◆ **Task statement**
The records below are to be repeated exactly, minus any pictures.

#### Material for this exercise ####

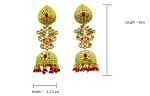 Stunning Kundan Long Earrings with Intricate White & Red Stones in Dome Detailings and beautiful parrot green enameling - Image 4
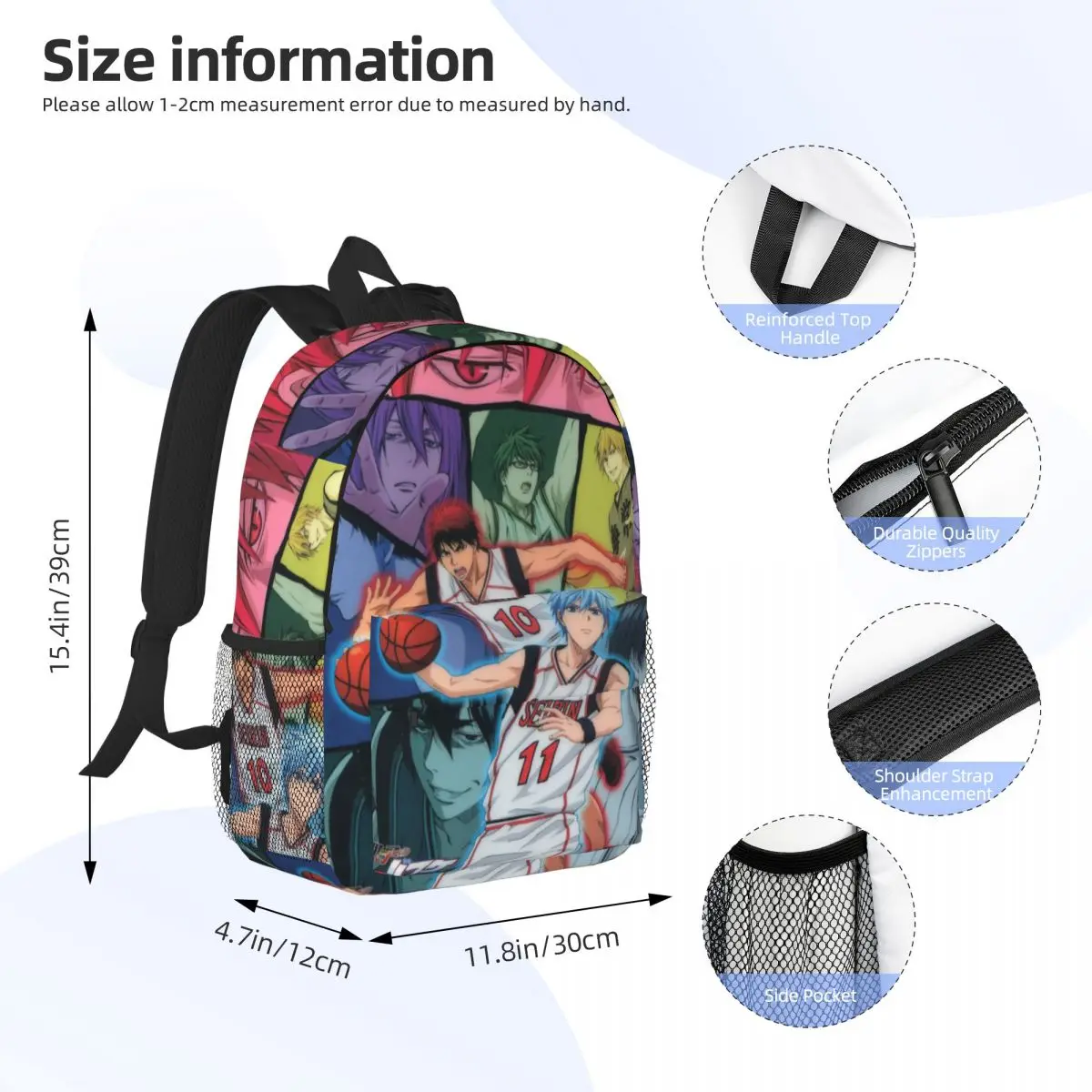Basketball Kuroko No Basket Anime Backpack Daypack Large Capacity Boys Girls BookBag Shoulder Bags for Men Women School Bag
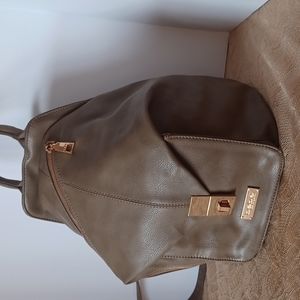 Bebe Tan and Gold Mini Backpack Bag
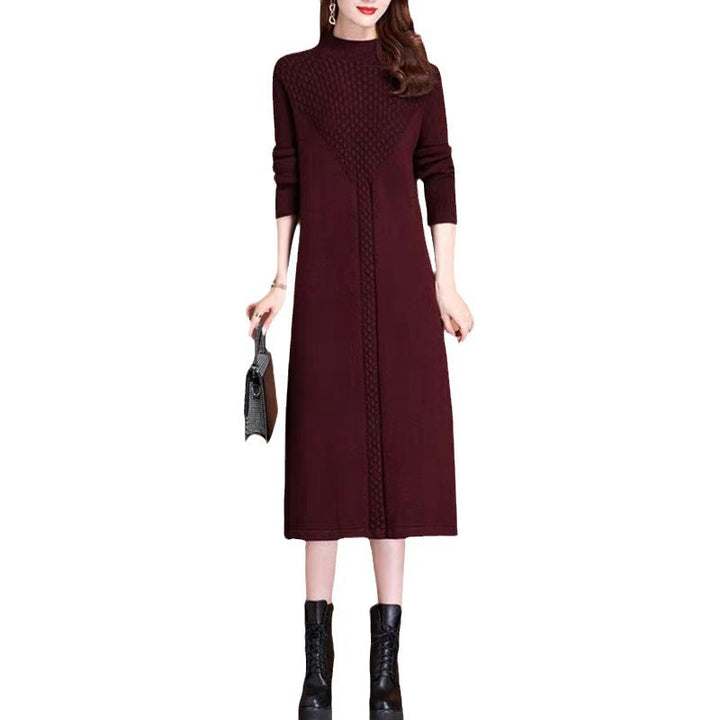 Damen Strickmaxikleid mit hohem Kragen und eleganten Zopfdetails Drune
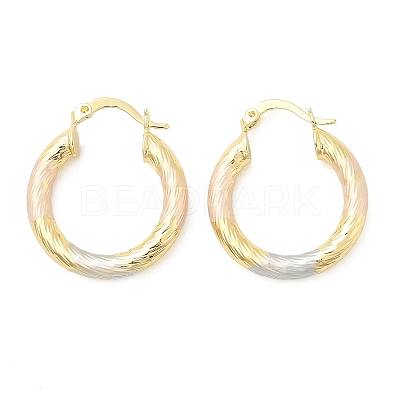 Brass Two Tone Twist Hoop Earrings EJEW-B117-06B-M-1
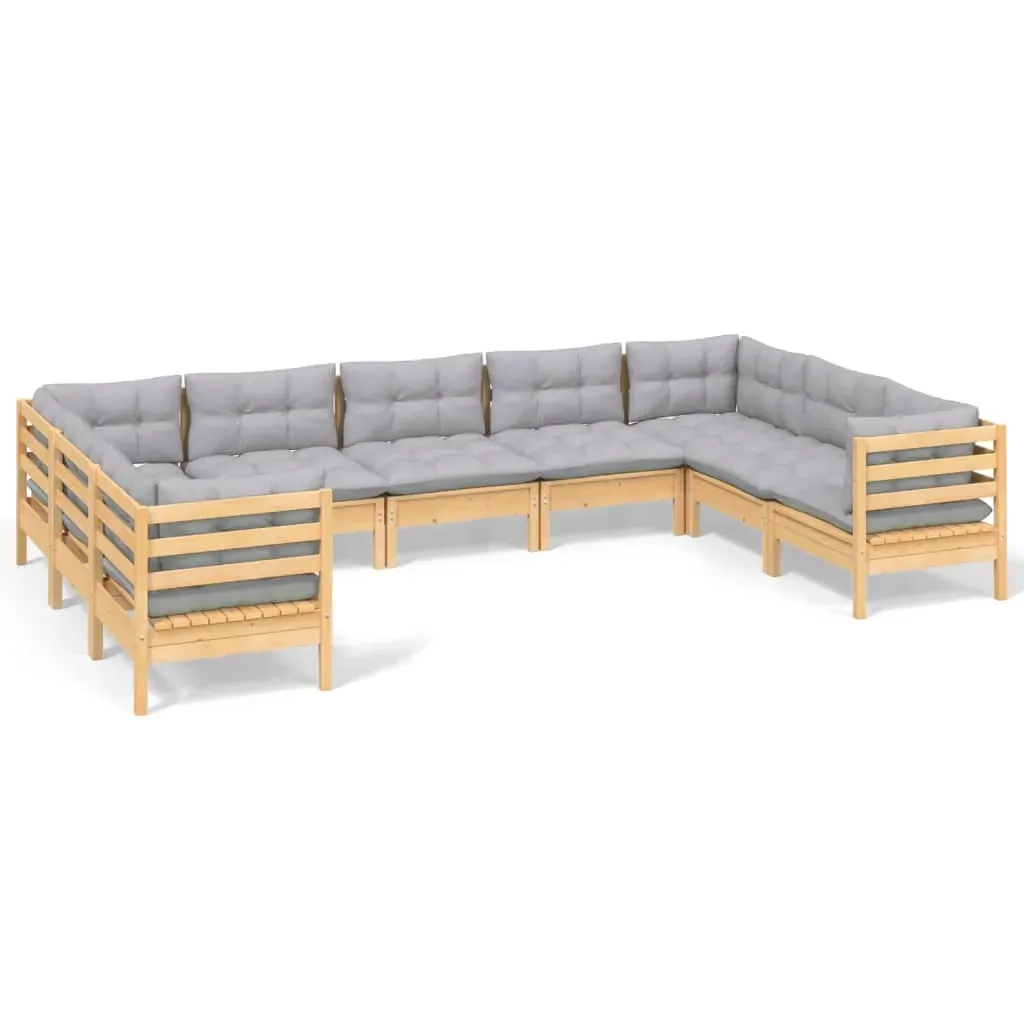 9 Piece Garden Lounge Set with Cushions Pinewood Price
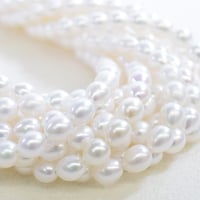 淡水パール エッグ 約5.5～6mm 【40cm】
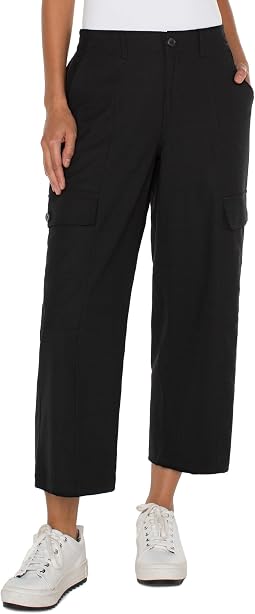 Cargo Textured Stretch Woven Hi-Rise Crop Straight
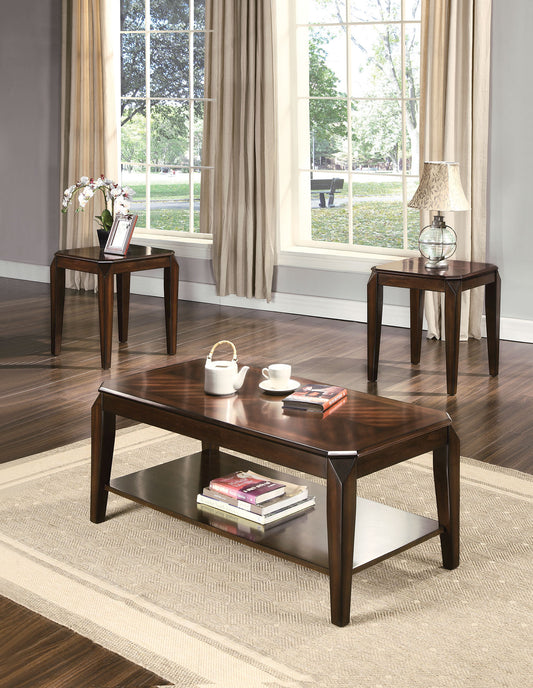 Set of 3 Brown Wood Coffee and End Tables By Homeroots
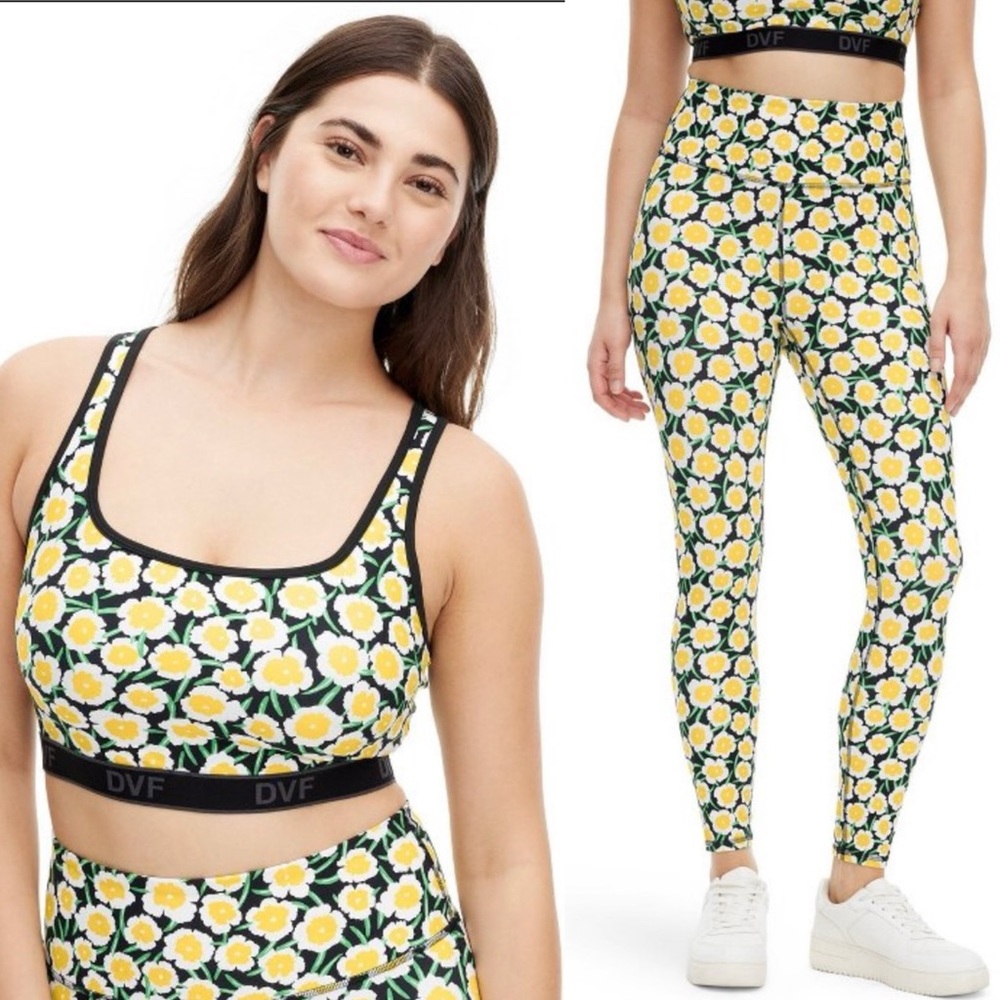 DVF for Target – Yellow Poppy Sports Bra and Leggings, Size XS – Matching Set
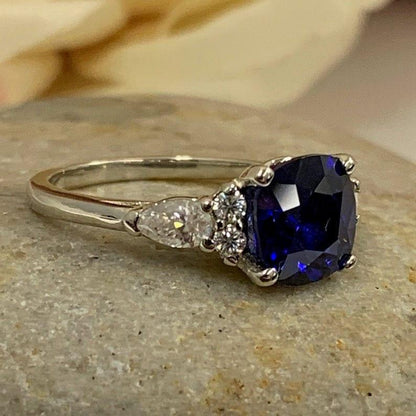 Blue Sapphire Cushion Cut 14K Solid White Gold wedding rings - JBR Jeweler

####

◆ **Solution**
 Stunning Kundan Long Earrings with Intricate White & Red Stones in Dome Detailings and beautiful parrot green enameling - Image 4
Basketball Kuroko No Basket Anime Backpack Daypack Large Capacity Boys Girls BookBag Shoulder Bags for Men Women School Bag
 Bebe Tan and Gold Mini Backpack Bag
 Damen Strickmaxikleid mit hohem Kragen und eleganten Zopfdetails Drune
 Brass Two Tone Twist Hoop Earrings EJEW-B117-06B-M-1
 9 Piece Garden Lounge Set with Cushions Pinewood Price
 淡水パール エッグ 約5.5～6mm 【40cm】
 Cargo Textured Stretch Woven Hi-Rise Crop Straight
 Set of 3 Brown Wood Coffee and End Tables By Homeroots
 DVF for Target – Yellow Poppy Sports Bra and Leggings, Size XS – Matching Set
 Blue Sapphire Cushion Cut 14K Solid White Gold wedding rings - JBR Jeweler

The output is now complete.